### Collected data entries
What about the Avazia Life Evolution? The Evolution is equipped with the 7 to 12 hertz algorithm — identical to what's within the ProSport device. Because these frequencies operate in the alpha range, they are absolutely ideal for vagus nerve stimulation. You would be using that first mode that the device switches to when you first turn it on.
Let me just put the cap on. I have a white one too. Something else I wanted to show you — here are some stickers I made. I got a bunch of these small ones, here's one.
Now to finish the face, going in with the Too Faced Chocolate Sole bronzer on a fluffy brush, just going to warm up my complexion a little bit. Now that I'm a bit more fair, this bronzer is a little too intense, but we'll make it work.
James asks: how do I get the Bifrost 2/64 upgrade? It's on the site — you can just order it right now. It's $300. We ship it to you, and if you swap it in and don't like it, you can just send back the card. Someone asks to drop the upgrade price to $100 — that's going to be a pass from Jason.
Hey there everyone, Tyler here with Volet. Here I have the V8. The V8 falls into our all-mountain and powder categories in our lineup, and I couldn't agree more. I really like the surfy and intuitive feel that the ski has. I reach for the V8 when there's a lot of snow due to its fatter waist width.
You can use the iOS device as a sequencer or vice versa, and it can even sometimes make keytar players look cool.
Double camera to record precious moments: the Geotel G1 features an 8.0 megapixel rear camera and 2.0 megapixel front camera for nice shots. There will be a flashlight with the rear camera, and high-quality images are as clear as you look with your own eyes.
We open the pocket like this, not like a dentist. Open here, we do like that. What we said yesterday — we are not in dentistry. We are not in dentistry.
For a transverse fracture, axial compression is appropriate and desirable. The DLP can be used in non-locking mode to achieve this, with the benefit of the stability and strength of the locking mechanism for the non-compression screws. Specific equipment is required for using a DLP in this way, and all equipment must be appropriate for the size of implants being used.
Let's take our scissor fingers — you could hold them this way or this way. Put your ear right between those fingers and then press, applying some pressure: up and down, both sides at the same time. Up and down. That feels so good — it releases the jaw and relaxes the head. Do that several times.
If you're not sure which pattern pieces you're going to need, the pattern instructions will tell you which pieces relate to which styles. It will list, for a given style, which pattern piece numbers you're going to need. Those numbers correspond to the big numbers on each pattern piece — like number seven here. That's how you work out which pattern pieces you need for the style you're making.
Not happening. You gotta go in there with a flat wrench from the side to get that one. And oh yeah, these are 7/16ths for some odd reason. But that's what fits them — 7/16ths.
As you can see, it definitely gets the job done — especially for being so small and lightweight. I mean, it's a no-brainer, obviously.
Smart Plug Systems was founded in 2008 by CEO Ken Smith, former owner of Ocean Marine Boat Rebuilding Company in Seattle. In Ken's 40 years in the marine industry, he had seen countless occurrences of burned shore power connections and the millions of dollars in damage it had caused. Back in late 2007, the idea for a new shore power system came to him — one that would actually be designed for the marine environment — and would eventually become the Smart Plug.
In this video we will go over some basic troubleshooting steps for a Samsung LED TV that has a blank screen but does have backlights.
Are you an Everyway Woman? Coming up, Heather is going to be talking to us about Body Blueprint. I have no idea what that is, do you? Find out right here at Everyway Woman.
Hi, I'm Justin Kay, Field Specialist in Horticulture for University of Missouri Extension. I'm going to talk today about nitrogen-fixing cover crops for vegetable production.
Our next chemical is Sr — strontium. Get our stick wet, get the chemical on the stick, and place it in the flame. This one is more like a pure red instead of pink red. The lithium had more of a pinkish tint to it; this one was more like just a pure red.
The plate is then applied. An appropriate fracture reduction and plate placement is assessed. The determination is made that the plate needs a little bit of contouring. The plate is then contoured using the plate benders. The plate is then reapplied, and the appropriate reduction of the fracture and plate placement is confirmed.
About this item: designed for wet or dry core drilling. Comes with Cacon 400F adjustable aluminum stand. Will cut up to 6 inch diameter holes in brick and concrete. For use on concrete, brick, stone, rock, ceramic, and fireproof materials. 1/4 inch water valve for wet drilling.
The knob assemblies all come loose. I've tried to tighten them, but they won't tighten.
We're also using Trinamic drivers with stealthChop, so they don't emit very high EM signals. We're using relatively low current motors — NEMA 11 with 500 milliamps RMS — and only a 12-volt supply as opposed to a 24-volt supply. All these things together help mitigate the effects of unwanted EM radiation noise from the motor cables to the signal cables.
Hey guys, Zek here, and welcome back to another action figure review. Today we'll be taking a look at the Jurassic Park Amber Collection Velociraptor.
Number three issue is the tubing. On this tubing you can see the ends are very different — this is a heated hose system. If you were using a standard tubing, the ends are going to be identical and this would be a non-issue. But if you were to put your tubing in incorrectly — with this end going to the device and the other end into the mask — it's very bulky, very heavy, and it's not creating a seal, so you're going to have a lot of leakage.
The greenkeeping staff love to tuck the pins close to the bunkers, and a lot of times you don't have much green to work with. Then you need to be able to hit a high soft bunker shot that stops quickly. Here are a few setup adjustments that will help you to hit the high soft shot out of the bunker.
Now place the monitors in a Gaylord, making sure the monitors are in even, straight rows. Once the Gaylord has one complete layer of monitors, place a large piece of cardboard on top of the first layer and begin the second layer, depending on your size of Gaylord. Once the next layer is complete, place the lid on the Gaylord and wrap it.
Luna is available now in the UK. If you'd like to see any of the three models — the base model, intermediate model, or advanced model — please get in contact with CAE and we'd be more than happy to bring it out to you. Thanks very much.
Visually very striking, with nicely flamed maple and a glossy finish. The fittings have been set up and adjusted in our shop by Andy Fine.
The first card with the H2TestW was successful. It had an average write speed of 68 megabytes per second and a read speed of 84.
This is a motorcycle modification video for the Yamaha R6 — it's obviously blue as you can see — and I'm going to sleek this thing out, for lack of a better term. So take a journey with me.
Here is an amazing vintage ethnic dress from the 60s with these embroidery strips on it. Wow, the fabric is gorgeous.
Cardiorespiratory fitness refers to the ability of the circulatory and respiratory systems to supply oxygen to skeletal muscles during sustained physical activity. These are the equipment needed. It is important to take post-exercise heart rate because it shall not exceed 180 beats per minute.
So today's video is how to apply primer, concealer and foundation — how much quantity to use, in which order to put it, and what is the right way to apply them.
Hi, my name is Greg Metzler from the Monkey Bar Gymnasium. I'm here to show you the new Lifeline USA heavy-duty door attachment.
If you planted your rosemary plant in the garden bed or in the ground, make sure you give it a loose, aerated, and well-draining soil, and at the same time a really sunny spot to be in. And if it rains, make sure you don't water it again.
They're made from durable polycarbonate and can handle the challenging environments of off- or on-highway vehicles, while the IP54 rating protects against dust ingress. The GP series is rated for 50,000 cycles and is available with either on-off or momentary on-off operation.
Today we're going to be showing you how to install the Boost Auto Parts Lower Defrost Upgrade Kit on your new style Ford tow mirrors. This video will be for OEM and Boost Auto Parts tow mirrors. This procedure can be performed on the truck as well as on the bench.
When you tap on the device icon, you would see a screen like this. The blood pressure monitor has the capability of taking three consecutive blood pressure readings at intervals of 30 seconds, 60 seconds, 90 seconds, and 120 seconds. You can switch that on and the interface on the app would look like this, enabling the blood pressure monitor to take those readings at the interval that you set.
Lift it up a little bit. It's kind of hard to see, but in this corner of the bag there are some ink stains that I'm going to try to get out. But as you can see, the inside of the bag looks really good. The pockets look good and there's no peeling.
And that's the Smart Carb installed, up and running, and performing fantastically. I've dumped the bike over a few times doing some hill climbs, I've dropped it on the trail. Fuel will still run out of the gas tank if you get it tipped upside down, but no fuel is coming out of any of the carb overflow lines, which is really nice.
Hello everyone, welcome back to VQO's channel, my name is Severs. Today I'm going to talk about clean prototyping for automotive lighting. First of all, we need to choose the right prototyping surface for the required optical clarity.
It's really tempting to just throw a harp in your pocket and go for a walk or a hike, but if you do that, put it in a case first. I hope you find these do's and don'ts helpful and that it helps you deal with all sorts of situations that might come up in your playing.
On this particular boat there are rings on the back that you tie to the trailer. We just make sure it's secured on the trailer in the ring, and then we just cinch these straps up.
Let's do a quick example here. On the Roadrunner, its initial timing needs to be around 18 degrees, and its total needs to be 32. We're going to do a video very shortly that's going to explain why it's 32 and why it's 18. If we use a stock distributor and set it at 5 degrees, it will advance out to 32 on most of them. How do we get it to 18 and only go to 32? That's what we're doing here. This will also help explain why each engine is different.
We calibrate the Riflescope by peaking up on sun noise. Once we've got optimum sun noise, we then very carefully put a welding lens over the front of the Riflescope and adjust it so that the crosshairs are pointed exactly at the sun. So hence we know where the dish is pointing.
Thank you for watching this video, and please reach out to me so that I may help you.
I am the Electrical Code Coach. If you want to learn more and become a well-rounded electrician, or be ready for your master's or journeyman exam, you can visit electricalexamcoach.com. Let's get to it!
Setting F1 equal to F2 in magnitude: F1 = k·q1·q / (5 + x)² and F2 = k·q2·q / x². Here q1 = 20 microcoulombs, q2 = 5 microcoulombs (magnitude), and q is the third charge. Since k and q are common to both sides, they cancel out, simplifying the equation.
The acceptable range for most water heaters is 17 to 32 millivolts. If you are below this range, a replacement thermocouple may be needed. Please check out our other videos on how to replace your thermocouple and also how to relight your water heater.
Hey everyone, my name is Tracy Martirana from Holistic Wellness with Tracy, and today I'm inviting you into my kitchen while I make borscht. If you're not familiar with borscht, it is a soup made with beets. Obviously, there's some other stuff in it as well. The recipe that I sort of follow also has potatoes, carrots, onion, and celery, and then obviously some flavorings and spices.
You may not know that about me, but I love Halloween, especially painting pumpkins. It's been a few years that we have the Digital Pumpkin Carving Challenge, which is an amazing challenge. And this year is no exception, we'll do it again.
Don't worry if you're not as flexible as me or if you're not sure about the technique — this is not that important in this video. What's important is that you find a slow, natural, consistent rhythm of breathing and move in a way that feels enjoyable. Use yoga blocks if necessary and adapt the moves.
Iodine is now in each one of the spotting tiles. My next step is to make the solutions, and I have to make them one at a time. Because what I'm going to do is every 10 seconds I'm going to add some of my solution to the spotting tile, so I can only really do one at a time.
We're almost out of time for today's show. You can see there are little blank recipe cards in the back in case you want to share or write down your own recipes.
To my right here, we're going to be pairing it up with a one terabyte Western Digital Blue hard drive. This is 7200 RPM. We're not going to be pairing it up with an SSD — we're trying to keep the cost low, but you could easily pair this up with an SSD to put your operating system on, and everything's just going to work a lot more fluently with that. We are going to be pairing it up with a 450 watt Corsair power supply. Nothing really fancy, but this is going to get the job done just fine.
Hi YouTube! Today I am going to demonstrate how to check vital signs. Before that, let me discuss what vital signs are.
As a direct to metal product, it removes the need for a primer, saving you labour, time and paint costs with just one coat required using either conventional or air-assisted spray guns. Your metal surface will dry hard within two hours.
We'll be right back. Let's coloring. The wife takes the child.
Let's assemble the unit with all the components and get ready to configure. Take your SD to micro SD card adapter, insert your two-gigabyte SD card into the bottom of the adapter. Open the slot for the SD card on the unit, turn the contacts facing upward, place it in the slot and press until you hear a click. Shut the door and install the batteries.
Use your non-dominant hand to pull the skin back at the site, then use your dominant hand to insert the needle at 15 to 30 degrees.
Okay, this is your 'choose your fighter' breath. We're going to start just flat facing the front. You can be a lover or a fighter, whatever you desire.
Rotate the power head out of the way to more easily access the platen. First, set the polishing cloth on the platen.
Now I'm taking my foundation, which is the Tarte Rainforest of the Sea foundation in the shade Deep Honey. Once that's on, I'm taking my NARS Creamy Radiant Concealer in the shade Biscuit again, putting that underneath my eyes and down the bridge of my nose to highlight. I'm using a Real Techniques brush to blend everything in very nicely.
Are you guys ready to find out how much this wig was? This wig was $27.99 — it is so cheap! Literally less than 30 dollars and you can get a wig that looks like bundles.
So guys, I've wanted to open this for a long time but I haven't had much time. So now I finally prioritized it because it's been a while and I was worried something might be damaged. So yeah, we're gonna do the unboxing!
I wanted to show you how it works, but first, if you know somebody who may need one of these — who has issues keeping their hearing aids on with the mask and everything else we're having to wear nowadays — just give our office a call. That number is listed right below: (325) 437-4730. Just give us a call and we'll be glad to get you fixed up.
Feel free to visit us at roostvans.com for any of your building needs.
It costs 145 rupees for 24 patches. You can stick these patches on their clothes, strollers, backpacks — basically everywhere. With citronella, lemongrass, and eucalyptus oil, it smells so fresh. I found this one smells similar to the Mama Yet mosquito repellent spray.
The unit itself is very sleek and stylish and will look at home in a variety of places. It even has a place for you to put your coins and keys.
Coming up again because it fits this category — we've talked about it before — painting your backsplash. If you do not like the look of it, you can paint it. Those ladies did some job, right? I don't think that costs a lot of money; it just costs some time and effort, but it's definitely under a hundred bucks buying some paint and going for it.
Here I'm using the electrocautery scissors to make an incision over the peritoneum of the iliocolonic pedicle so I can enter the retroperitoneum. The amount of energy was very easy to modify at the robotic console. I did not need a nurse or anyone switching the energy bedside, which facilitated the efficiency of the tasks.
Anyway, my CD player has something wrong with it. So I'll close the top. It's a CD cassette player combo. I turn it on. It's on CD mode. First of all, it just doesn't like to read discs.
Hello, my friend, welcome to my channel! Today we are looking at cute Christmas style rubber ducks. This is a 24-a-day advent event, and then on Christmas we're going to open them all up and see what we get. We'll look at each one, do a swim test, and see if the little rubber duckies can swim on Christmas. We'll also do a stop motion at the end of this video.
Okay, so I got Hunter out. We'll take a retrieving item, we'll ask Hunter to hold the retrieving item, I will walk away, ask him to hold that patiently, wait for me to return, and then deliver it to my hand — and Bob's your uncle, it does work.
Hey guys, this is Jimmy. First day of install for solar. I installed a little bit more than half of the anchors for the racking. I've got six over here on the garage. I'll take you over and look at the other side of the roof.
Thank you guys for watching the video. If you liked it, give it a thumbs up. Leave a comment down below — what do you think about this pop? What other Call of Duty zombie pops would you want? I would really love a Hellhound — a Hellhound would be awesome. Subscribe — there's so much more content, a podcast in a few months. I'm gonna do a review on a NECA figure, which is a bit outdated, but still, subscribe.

### TASK STATEMENT
Scan the data for the string "unit" and copy each line in which it occurs.

### RESULT
Let's assemble the unit with all the components and get ready to configure. Take your SD to micro SD card adapter, insert your two-gigabyte SD card into the bottom of the adapter. Open the slot for the SD card on the unit, turn the contacts facing upward, place it in the slot and press until you hear a click. Shut the door and install the batteries.
The unit itself is very sleek and stylish and will look at home in a variety of places. It even has a place for you to put your coins and keys.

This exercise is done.